Tuesday, April 27, 2010

Hair Today, Gone Immediately

Of all the things in my previous post about working in college radio, I can’t believe the thing that caught the most attention was my flippin’ hair.

OK then, let’s talk hair.  I wasn’t always the acorn-head I am today.  I started out with a brush-cut, however, like all little boys did in the early 60s.  Dad would take us to Grandpa’s house, he’d get us in the basement and shear my brother and I like we were his little sheep.

In January, I told the story of the fights I had with my hair when I was growing up.  But for the benefit of new readers, I’ll quickly restate… If you remember the story, feel free to bloop bloop bloop until after the italics.

I’ve always hated my hair.  All I ever wanted was to have nice, smooth, perfect bangs and hair that lay down just so.  Preferably blond. 

No luck though…  I had hair that just would not obey.  One side would always flip in, the other side would flip outward.  As a teenager, I would blow-dry my hair straight down and then put on a ski cap… winter, summer, whatever… all in an attempt to bring some kind of order to my hair.

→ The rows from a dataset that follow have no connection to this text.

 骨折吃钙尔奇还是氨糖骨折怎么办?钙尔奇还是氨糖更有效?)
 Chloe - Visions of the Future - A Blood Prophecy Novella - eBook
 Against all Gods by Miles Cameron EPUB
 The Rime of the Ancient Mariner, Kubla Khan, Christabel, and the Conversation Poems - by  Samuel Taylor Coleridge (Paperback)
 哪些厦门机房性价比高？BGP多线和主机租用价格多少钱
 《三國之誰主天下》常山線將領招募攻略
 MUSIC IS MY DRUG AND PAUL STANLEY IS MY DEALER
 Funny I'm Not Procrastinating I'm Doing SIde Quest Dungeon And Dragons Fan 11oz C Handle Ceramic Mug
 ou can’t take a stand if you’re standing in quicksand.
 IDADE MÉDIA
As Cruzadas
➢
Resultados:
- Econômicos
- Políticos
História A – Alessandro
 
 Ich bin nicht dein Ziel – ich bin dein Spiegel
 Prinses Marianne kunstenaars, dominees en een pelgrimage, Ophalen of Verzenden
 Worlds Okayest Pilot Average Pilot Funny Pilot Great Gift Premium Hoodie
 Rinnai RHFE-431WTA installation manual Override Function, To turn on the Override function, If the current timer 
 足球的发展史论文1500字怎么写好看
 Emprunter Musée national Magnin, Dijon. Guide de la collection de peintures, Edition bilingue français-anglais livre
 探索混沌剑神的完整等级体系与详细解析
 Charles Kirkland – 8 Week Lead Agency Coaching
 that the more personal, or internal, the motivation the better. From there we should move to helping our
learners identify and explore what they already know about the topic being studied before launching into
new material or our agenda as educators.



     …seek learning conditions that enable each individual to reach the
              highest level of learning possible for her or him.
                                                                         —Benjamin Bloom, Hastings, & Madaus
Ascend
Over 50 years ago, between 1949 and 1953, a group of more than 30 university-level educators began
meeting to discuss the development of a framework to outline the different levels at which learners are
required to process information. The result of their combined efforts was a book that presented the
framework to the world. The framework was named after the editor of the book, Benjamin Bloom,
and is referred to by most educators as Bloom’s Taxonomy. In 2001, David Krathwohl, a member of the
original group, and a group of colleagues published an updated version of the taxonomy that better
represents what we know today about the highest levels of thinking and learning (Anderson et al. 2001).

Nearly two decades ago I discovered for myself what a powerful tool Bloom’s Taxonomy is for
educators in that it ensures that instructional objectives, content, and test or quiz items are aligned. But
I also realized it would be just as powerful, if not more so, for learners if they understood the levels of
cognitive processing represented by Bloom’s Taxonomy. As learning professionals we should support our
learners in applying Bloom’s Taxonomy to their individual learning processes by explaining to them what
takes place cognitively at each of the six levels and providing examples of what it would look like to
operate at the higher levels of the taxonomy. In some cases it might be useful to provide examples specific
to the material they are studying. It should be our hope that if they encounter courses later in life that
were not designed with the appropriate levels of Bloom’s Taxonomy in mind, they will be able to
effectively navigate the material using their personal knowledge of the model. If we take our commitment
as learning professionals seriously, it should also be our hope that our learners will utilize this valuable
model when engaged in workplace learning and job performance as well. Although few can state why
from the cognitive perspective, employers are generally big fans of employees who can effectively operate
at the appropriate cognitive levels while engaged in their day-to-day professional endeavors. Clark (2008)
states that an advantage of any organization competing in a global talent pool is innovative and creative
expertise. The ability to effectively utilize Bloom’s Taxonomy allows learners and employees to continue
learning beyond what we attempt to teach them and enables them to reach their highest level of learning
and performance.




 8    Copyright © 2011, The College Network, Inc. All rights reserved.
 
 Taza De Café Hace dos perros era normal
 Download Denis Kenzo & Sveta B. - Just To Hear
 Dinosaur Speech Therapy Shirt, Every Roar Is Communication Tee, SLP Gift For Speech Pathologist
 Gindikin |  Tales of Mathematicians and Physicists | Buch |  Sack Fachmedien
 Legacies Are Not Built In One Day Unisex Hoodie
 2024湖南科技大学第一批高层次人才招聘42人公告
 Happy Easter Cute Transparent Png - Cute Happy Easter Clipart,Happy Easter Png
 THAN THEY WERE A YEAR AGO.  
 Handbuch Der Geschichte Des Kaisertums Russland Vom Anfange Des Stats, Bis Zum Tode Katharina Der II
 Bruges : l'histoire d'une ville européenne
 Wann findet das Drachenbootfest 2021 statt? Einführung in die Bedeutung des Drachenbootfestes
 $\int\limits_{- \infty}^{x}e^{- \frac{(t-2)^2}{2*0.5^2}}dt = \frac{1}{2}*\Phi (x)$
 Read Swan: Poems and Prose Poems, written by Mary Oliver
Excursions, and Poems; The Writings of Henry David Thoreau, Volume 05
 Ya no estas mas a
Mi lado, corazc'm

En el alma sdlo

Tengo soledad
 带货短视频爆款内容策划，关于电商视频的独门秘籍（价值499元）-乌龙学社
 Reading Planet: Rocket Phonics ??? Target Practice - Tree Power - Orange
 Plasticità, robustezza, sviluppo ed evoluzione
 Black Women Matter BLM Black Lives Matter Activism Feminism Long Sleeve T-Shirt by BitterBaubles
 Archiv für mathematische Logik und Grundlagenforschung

It worked like a charm though, right up until the time I’d take off the ski cap to go to school and the first molecule of air would blow by my skull and BANG… hair was going every which way.

It wasn’t until I got to college that I finally came to an understanding with my hair.  I was visiting one of my buddies in Georgia on vacation (as mentioned in the “Year of Pranking Dangerously post earlier this month) and was just sick and tired of messing with the mop on my head.  So I dove in the pool, got out, shook off my head and said, “Whatever it does, that’s what it will be.  I give up.”

Turns out, I had curly hair.  Even more so after I took my buddy’s mom’s advice and got a perm.  Made me look like the drummer from the band, Boston.  But once that passed I had a brief spell when everything looked OK.

I say “brief” spell because just as soon as I accepted the hair with which I was graced, it all fell out… It was quickly receding by the time I was a senior in college and I was cue-balled by 25.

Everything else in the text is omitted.